- _Recorded data_:

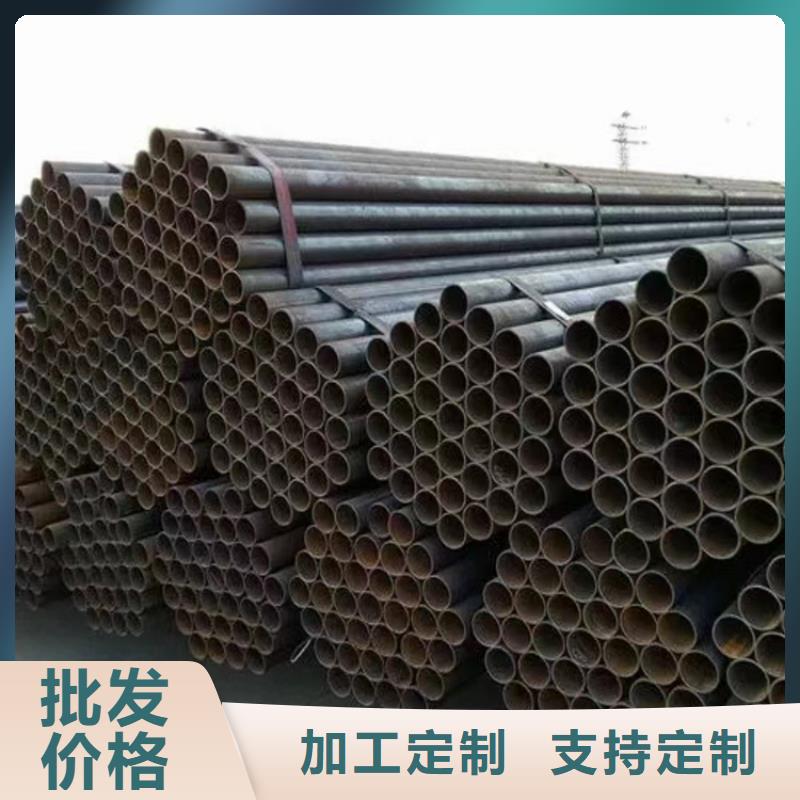 【螺旋管大口徑無縫鋼管追求品質(zhì)】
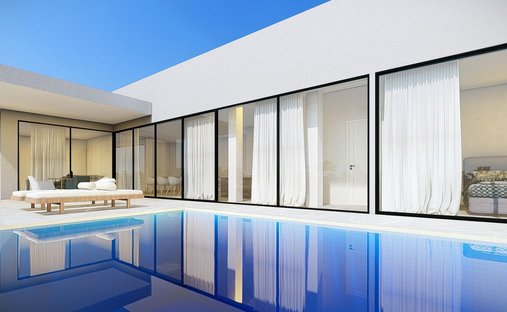 Chalet in Costa d'en Blanes, Calvia, Balearic Islands 1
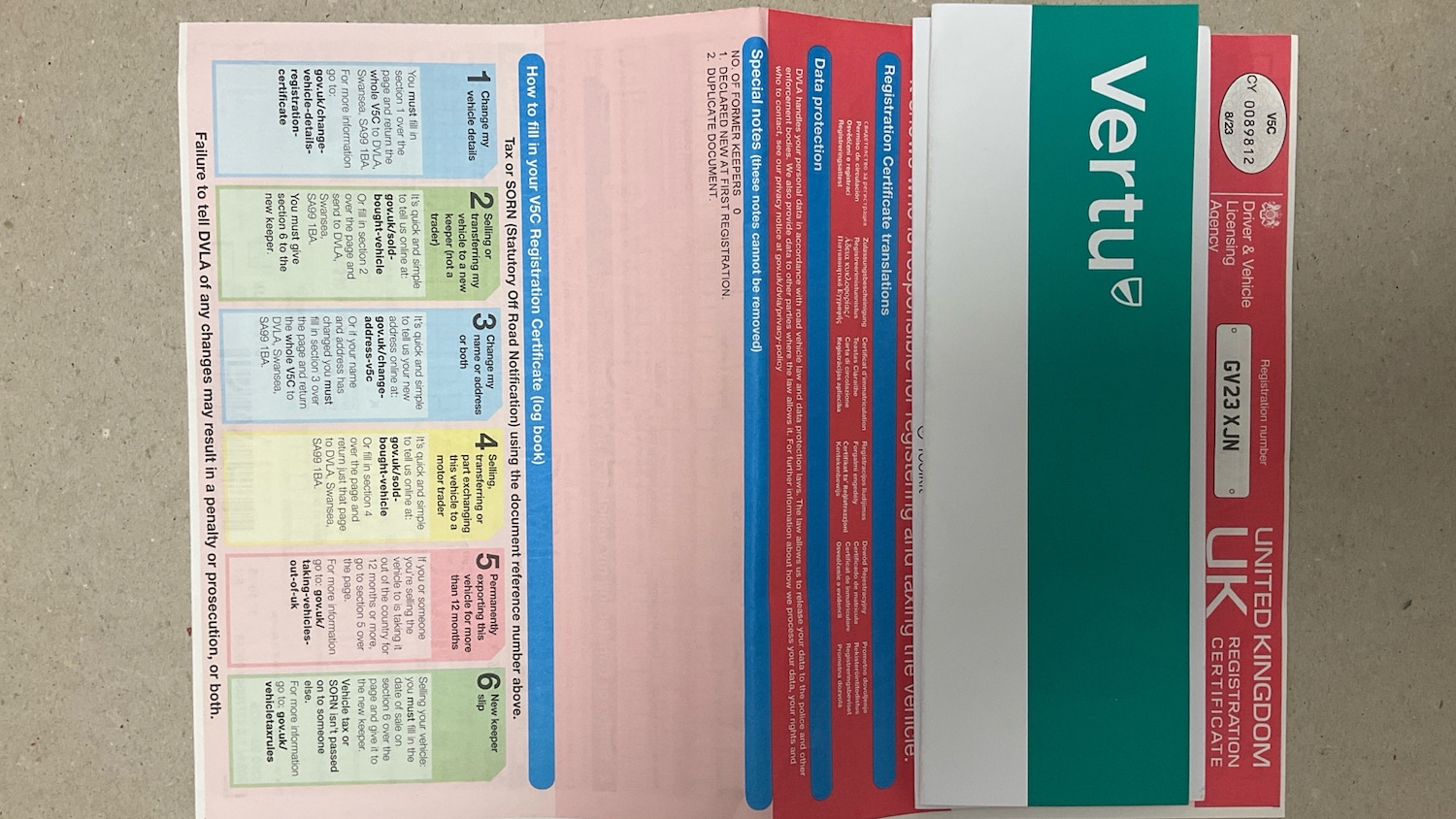 Used Ford Focus 2023 for sale - 76718806: Photo 44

- _Work instruction_:
Output the material above word for word. Leave out its images.

- _Solution to this task_:
 【螺旋管大口徑無縫鋼管追求品質(zhì)】
 Chalet in Costa d'en Blanes, Calvia, Balearic Islands 1
 Used Ford Focus 2023 for sale - 76718806: Photo 44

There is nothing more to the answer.